# If this is to be a science



## Dayhiker (Mar 13, 2010)

Look. If you want to compare bands or tubes. Each one has to be compared to your own personal draw length and to what ammo is being shot.

Period.

This can be an infinite matrix.

There are various charts already made for this sort of thing. I've used them. They get me in the ballpark. But nothing will compare to you-yourself doing some experimenting and tweaking.

That is all.


----------



## NightKnight (Dec 16, 2009)

You certainly cannot beat trying them yourself. But, I think it is good that people share what they find. It can help others more quickly get in the "ballpark".


----------



## lightgeoduck (Apr 3, 2011)

I have to agree DH. I appreciate, and soak in as much info form the guys that take the time to gather data. I am not an exact science kind of guy, but they do help me get a ballpark idea giving me a good starting point.
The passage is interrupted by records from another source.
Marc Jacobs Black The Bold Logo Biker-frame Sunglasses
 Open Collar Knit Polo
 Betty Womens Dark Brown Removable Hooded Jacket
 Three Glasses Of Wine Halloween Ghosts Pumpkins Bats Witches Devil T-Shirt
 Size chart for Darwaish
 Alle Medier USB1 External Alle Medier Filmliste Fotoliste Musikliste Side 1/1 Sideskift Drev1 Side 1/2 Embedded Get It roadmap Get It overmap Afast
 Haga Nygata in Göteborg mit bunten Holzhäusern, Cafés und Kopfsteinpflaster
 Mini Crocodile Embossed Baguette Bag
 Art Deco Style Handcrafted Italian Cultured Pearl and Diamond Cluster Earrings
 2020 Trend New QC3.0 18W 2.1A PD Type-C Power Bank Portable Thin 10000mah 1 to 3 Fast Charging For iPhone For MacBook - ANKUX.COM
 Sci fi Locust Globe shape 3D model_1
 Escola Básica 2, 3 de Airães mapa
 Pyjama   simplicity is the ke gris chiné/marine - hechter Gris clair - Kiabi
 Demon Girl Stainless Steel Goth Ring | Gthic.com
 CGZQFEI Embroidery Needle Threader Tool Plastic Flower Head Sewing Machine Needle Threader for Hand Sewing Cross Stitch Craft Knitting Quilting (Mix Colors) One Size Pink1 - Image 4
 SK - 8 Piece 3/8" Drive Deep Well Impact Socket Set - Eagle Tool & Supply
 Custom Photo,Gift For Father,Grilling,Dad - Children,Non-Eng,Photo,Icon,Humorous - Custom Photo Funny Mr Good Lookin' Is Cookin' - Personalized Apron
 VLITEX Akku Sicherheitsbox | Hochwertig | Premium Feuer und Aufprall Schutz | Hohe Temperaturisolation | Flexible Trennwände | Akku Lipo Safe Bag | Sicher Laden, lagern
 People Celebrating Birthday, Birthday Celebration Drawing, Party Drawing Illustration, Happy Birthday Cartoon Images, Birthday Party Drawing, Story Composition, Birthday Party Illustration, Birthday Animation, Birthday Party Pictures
I do tweak and adjust to my needs, of course, for a few reasons:

1. I am a bit awkward

2. I usually set up, where I don't use the full potential of the rubber, this helps prolong the life of my band sets IMO.

I love this forum for that particular reason, there is enough information to cater to all types of slingshot shooters

LGD


----------



## Dayhiker (Mar 13, 2010)

AaronC said:


> You certainly cannot beat trying them yourself. But, I think it is good that people share what they find. It can help others more quickly get in the "ballpark".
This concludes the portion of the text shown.